Try putting the butter mixture into a cake pan, set the quartered biscuit pieces on top. Bake until biscuits are done and scoop some of both into a bowl and mix them together as you eat.:chef:

Or, bake the biscuits as usual and drizzle the mixture over the split hot biscuits.
 
Last edited:
Thank you all! I actually bought the tube to make doughnuts with but that didn't sound good this morning. I will try shaping them next time a little. The shape surely did NOT affect the taste, the plate was empty rather quickly :rolleyes:.
 
I make monkey bread with whomp biscuits. I cut them in quarters, roll them in cinnamon sugar, put them in a well buttered pan and drizzle some melted butter over the tops. My kids loved that. You can do it in a bundt pan or a loaf pan.
 
Okay, am I the only person who was too dense to figure out what whomp biscuits were? I had to look it up. Thank Gooness for Google!
 
I'm trying to find the thread about the Biscuit Dressing. It gave me a good idea for a recipe I'd like to post. I may as well post it here, but I'd like to find the original post so I can give credit and thanks.

Sausage Biscuits Dressing
My Take

Brown:

1/3# Ground Sausage
Handful frozen diced Celery
1 chopped Onion
8 smashed garlic cloves lightly chopped*

Make Impossible Pie mixture:

¾ C Bisquick
1 C Milk

Drain sausage mixture and add to the Impossible Pie mixture.

Adjust IP batter for quantity and thickness.

Pour into sprayed casserole and bake at 400 for 25 minutes or until a knife in the middle comes out clean.

Serve with White Gravy and butter.

*I plan to toast the garlic lightly in the bacon fat until it's soft like in the Garlic Soup recipe. I'll take it out when it's done and put it back in later.

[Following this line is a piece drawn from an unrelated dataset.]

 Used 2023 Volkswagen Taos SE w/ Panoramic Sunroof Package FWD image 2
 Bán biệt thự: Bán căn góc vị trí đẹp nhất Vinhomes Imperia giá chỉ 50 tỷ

I have to wait until Thursday's shopping as I'm out of Gr. Sausage, but I do have some bacon, onion, celery and garlic so I'll make it that way for dinner tonight.
 
Last edited:
Just to keep the thought going, with leftover meat, make your favorite stew-type meal. Cook it through, thicken it, then pour into a baking dish. Take the biscuits, arrange on top, then bake until the biscuits are done. A great, almost-home-made, pot pie.
 
I like the whomp biscuits. I had an English friend once who called them something and I can't for the life of me remember what it was.